With tourism continuing to be the major source of growth in the Maldives, the economy is expected to grow in 2014 and 2015 as projected in the Asian Development Outlook (ADO) 2014 in April. In the first half of 2014, tourist arrivals grew strongly by 11.5% but less than in the same period of the previous year. The relatively successful local council and parliamentary elections this year indicate more stable political conditions than prevailed during last year’s presidential election, and this may help underpin tourism growth over the near term.
|Selected economic indicators (%) - Maldives||2014||2015|
|ADO 2014||Update||ADO 2014||Update|
|Current Account Balance (share of GDP)||-21.8||-10.5||-22.1||-10.8|
Source: ADB estimates.
Inflation in the first half of 2014 was slight, the average easing to 2.9% from 4.7% in the previous year. The improvement stems from lesser rises in prices for furnishings and household equipment and lower food prices in the first quarter. Inflation is expected to pick up in the second half of the year and into 2015 in tandem with economic growth. Reflecting this, inflation is now projected to be 1 percentage point lower in 2014, but the forecast for 2015 is retained.
Revaluation of travel receipts, mostly from tourism, substantially brought down estimates of the current account deficit in recent years. With a new basis for projection, the current account deficit is recorded as 10.1% of gross domestic product (GDP) in 2013, and the projections for 2014 and 2015 are similarly halved. As the economy expands, increased earnings from tourism will partly offset rising imports.

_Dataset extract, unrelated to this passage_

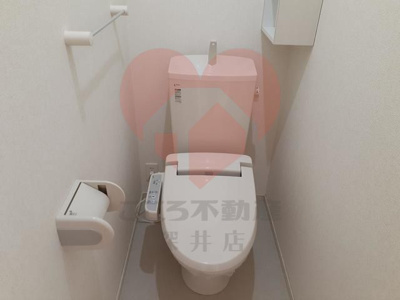 【トイレ】 | パークハイムソフィア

Risks to the outlook include high public debt and currently low capital expenditure, which throw into question the sustainability of the country’s medium-term growth. The budget deficit was slashed nearly by half to equal 4.7% of GDP in 2013, with further reductions planned to 3.2% in 2014 and 1.0% by 2016. Under the Fiscal Responsibility Act, 2013, fiscal consolidation and discipline will likely contain debt and maintain the ratio of debt to GDP at about 80% over the next 3 fiscal years, as targeted. Strong fiscal consolidation efforts may limit current expenditure in favor of expanded capital expenditure.